Halk size gelecek seçimlere kadar mühlet vermiş, dolayısı ile 5 yıllık bir serbest dolşım hakına sahipsiniz. İstediğniz yere gidin istediğiniz yerde dolaşın, beş yılın sonunda ise dönüp dolşacağınız yer postunuzun görücüye çıkacağı kürkçü dükanı olan halktır. O zaman postun para edip etmeyeceğini ömrü vefa edenler görecektir.

Kürkçü dükkanı / İbrahim Kızar

Öncekilerin sözlerin de gerçekten  ibret ve hikmetler vardır. Bu hikmetli sözlerden biri de kurnazlığı nam salmış olan Tilki ile ilgili söylenmiş  "dönüp dolaşacağı yer eninde sonunda  kürkçü dükkanıdır"  sözüdür.

Her tilkinin dönüp dolaştığı bir yer olduğu gibi, insanoğlunun da dönüp dolaştığı, eninde sonunda uğramak zorunda olduğu ne kadar uzaklaşsa bile geri dönmek zorunda olduğu bir kürkçü dükkanı mutlaka vardır. Bundan dolayı kurnazlığı ile nam salan Tilkiden çok, bu söz insanlar için söylenmektedir.

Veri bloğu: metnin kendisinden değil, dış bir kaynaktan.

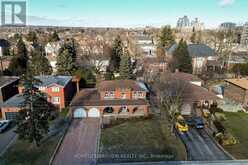 16 ROOSEVELT DRIVE | Richmond Hill Ontario | Slide Image Thirty-three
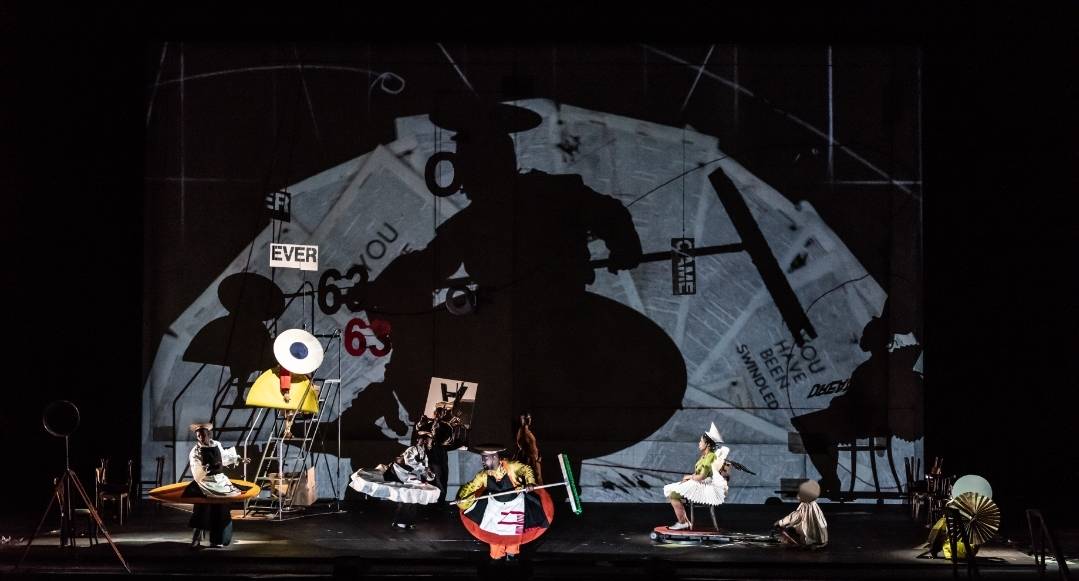 南非當代藝術巨擘威廉・肯特里奇在全球引發熱烈討論的作品《女先知》，4月11日至13日將登上台北表演藝術中心大劇院進行亞洲首演。(北藝中心提供)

Bizde bu sözü siyasi partilere uyarlamaya çalışalım. Siyasilerin, siyaset ile uğraşanların, siyasi partilerin de bir kürkçü dükkanı vardır. Bu kürkçü dükkanı ise halktır, halkın reyi ve oyudur.

Bizim halktan kastımız azgın azınlıklar, kendini sistemin sahibi görenler, kendini gerçek halkın üstünde görenler, dediğimiz dedik çaldığımız düdük diyenler, motor gücünden çok fazla ses çıkarıp etrafı velveleye veren, halkın inanç ve kültürüne yabancı ve düşman, ithal olan her şeye meftun, belli fikri sabitleri olup bu sabitlerden hiç bir şekilde dönmeyenler değildir elbette.

Halkın içinden gelip, halkın  oyları ile seçilerek iktidar olan bazı partiler, bazen  yukarda vasıflarını saydığımız grubu memnun etmek, belki de onlardan bir kaç oy almak için uğraşmaya başlarlar. Onları gücendirmemek için çalışır, onları memnun edecek nutuklar atar, onların kutsallarını kutsal gördüğünü dile getirir, yaralarına basmamak için azami gayret sarf eder, istedikleri kanunları çıkarır, onlara rağmen kanun değişikliği yapmamaya dikkat eder, meşhur içeceklerini marka haline getirme vadinde bulunur, hatta bazen şu yada bu değişikliği yapmak istiyoruz ama siz gidin malum grubun meclisteki temsilcilerini ikna edin diyerek sistemin mağdurlarını onlara yönlendirme gafletine düşerler.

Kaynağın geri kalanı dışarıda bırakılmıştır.